(EXERCISE AIM):
Repeat the lines of the data exactly and exclude any picture among them.

(STORED DATA):
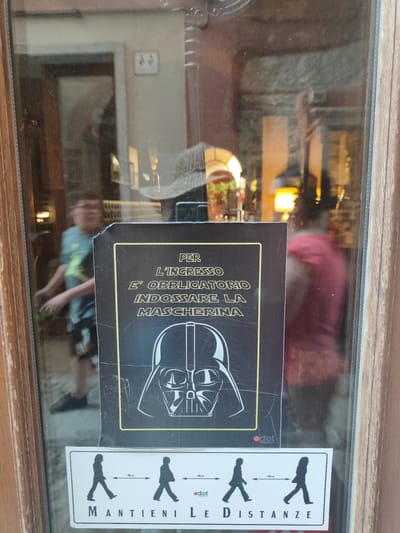 The image shows a glass-paneled door with a sign featuring Darth Vader and social distancing icons. The sign, in Italian, reads "PER L'INGRESSO E' OBBLIGATORIO INDOSSARE LA MASCHERINA" which translates to "For entry, it is mandatory to wear a mask." Below this text is an illustration of Darth Vader's helmet. Further down, a rectangular sticker displays silhouettes of people walking, with arrows indicating a distance of "1 Metro" (1 meter) between them. The text below this sticker says "MANTIENI LE DISTANZE" which means "Keep your distance."

The reflections in the glass show a blurred interior of a shop or establishment. A person wearing glasses and a t-shirt is visible on the left, appearing to be inside the building. On the right, the blurred reflection of a person in a red top is also visible. A straw hat is reflected on the top right of the glass. The door frame is made of dark wood.

The location is identified as Orta San Giulio, Italy. The overall scene depicts a COVID-19 safety measure implemented at an entrance.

(ANSWER FOR THIS EXERCISE):
 The image shows a glass-paneled door with a sign featuring Darth Vader and social distancing icons. The sign, in Italian, reads "PER L'INGRESSO E' OBBLIGATORIO INDOSSARE LA MASCHERINA" which translates to "For entry, it is mandatory to wear a mask." Below this text is an illustration of Darth Vader's helmet. Further down, a rectangular sticker displays silhouettes of people walking, with arrows indicating a distance of "1 Metro" (1 meter) between them. The text below this sticker says "MANTIENI LE DISTANZE" which means "Keep your distance."

The reflections in the glass show a blurred interior of a shop or establishment. A person wearing glasses and a t-shirt is visible on the left, appearing to be inside the building. On the right, the blurred reflection of a person in a red top is also visible. A straw hat is reflected on the top right of the glass. The door frame is made of dark wood.

The location is identified as Orta San Giulio, Italy. The overall scene depicts a COVID-19 safety measure implemented at an entrance.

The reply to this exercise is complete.